Is your Exchange 2000 Server environment a disaster waiting to happen? Exchange 2000's dependence on Windows 2000 Active Directory (AD) complicates Exchange 2000 disaster-recovery planning. Your recovery efforts might involve not just your Exchange team but also the people responsible for AD. Knowing how to back up and recover non-Exchange components, as well as being aware of recent changes in backup technologies, can help you plan and implement a course of action that can postpone disaster and speed recovery.
Determining Risk
As an Exchange administrator, you're probably responsible for several aspects of your company's disaster-recovery process. This process can include conducting a risk analysis that identifies the probability and impact of an outage according to specific points of risk, as Table 1 shows; developing a risk-mitigation plan that defines risk-mitigation techniques for each possible type of outage; and implementing the plan on a day-to-day basis.
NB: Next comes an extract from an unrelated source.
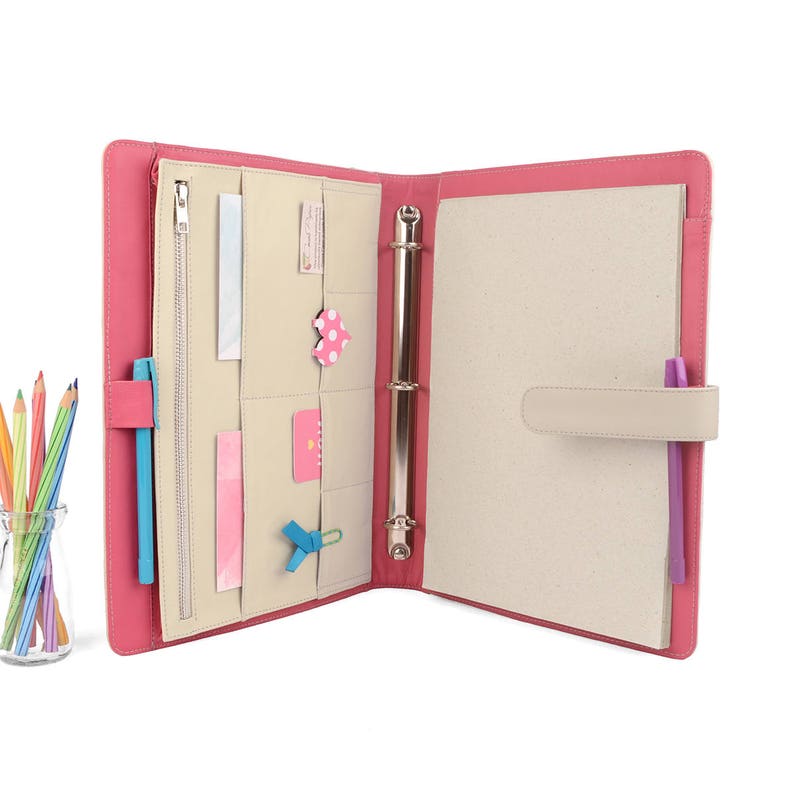 ORIGINAL A4 Leather Ring Binder Planner / Organizer 3 or 4 Etsy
The first step in a disaster-recovery plan is a risk analysis. With this information, you can begin developing detailed procedures to protect each risk point and calm executives suffering from "Chicken Little Syndrome," who might insist that you look at high-impact events even though those events have a low probability. Instead, you must look at the most likely disasters, which typically result from hardware or application faults.
From a planning standpoint, you need to make a distinction between increasing availability and speeding recovery. This distinction is important because anything you can do to increase availability and avoid disaster can save you a lot of time in recovery. For example, suppose that a power supply in one of your servers stops working. No big dealif you have redundant power supplies. If you don't, though, the server will go down hard, meaning that the OS might flag the drives to run Chkdsk to check for disk errors. This process can take hours for large disk arrays, increasing your outage window even if you don't need to recover any data. If the server is part of a cluster, server failover will increase your availability to the extent that you might not even need to measure recovery time. For another example, using Exchange 2000's built-in deleted mailbox retention can avert the need to set up an Exchange recovery server.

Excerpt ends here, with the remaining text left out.